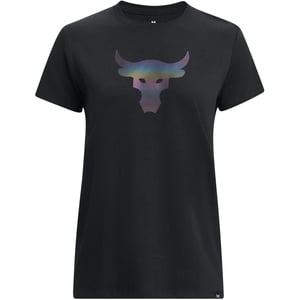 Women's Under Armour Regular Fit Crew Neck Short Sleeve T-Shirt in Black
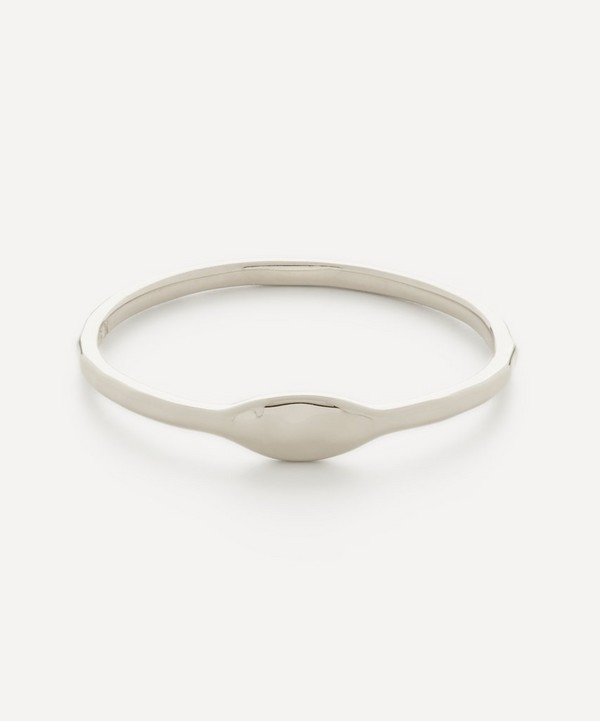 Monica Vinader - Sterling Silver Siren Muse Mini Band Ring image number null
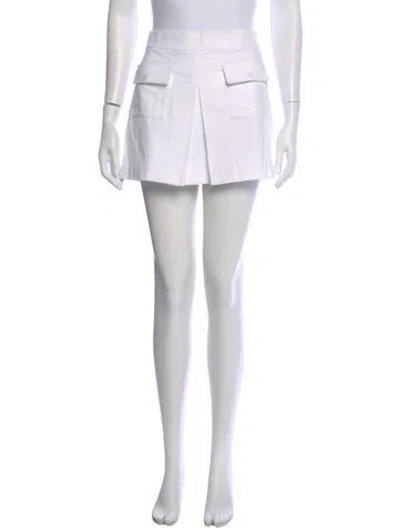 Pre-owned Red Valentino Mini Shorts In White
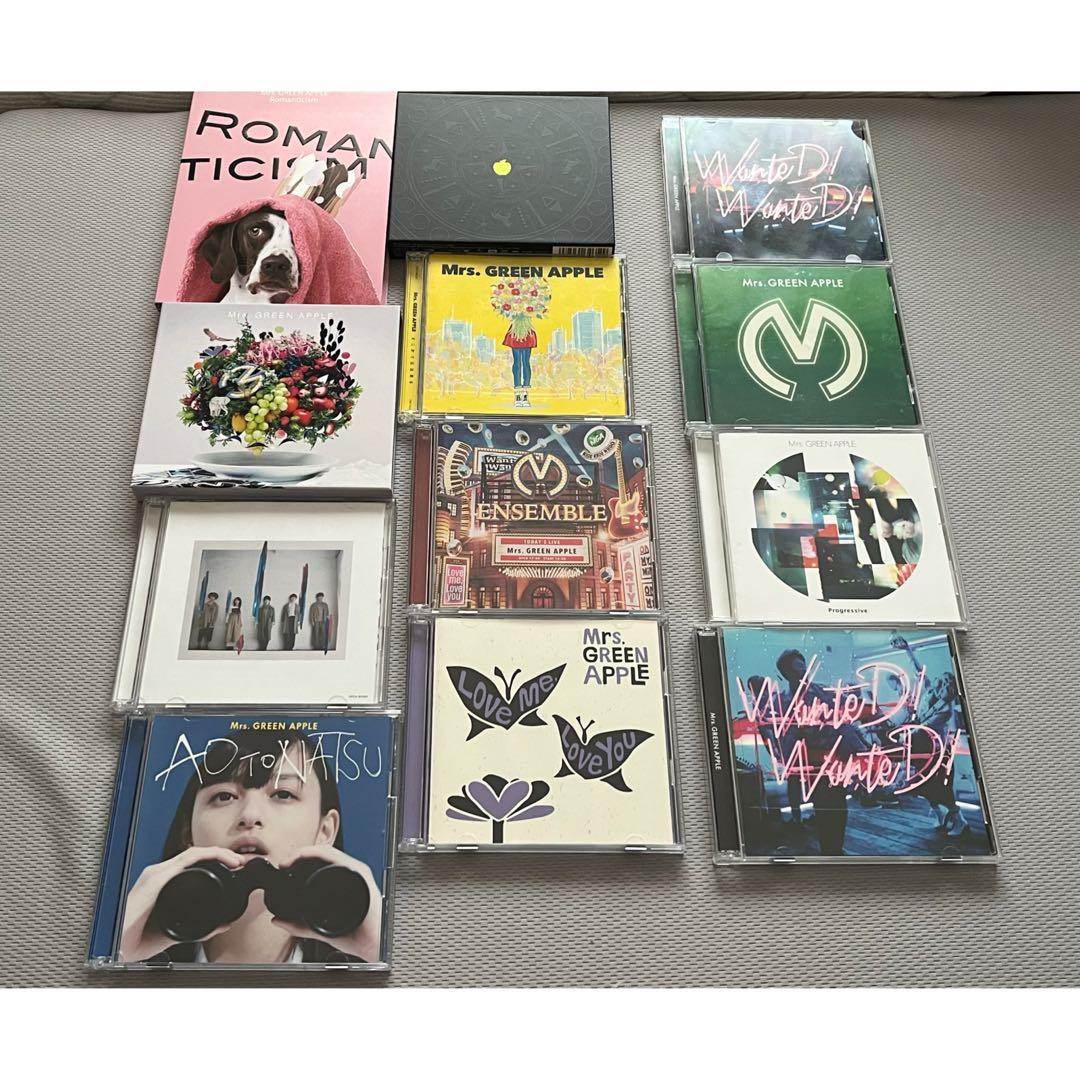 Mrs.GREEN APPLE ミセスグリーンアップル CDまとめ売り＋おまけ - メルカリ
★ ★ ★ ★ ★ ★ ★
» **Goal of the exercise**:
Please repeat, exactly as written, only the lines from the line with "Pre-owned Red Valentino Mini Shorts In White" to the end of the data, leaving out every picture.

» **Output of the exercise**:
 Pre-owned Red Valentino Mini Shorts In White
 Mrs.GREEN APPLE ミセスグリーンアップル CDまとめ売り＋おまけ - メルカリ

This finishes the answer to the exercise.